Section 6.15 Confidentiality. (a) The provisions of the Confidentiality Agreement shall remain binding and in full force and effect on and after the date hereof until the earlier of the expiration of its term or the Closing. The information contained herein, in the Schedules hereto or delivered to Purchaser or its authorized representatives pursuant hereto shall be deemed to be Confidential Information until the Closing. Except as otherwise provided in Section 6.4, Purchaser shall cause its consultants, advisors and representatives to treat the terms of this Agreement after the date hereof as Confidential Information.

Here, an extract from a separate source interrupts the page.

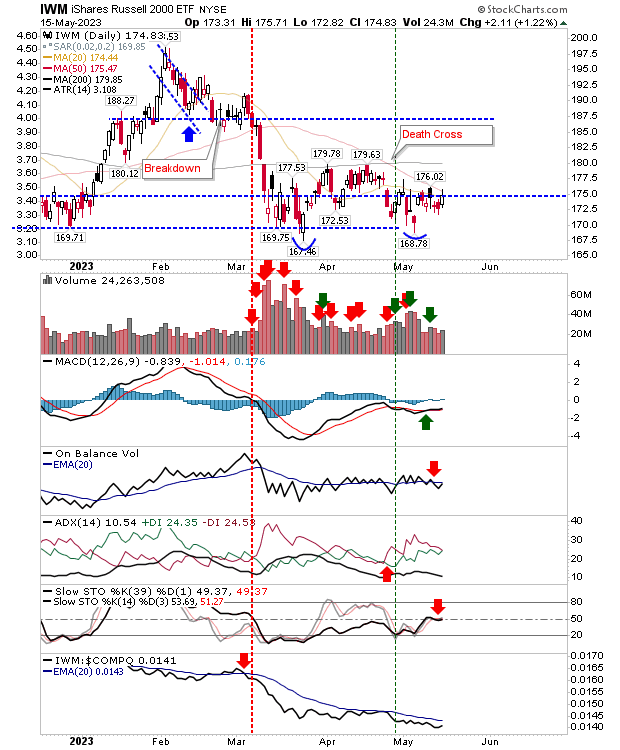 IWM Daily Chart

In the event a Party or any of its Affiliates is required by Applicable Law prior to the Closing to disclose any Confidential Information then such Party shall comply with the provisions of the Confidentiality Agreement regarding such disclosure.
(b) From and after the Closing, the Selling Parties and their respective Affiliates shall keep confidential nonpublic information in their possession relating to the Target Entities and the Business; provided, however, that the Selling Parties and their respective Affiliates shall not be liable hereunder with respect to any disclosure to the extent such disclosure is required pursuant to legal process (including pursuant to the assertion of the Selling Parties’ rights under this Agreement or any of the Ancillary Agreements) (by interrogatories, subpoena, civil investigative demand or similar process), regulatory process or request, or to the extent such disclosure is reasonably necessary for purposes of compliance by the Selling Parties or their respective Affiliates with tax or regulatory reporting requirements or Applicable Law; provided, that, in the event of any disclosure pursuant to legal process or Applicable Law, the Selling Parties exercise commercially reasonable efforts to preserve the confidentiality of the nonpublic information disclosed, including by cooperating with Purchaser to obtain an appropriate protective order or other reliable assurance that confidential treatment will be accorded the nonpublic information required to be disclosed.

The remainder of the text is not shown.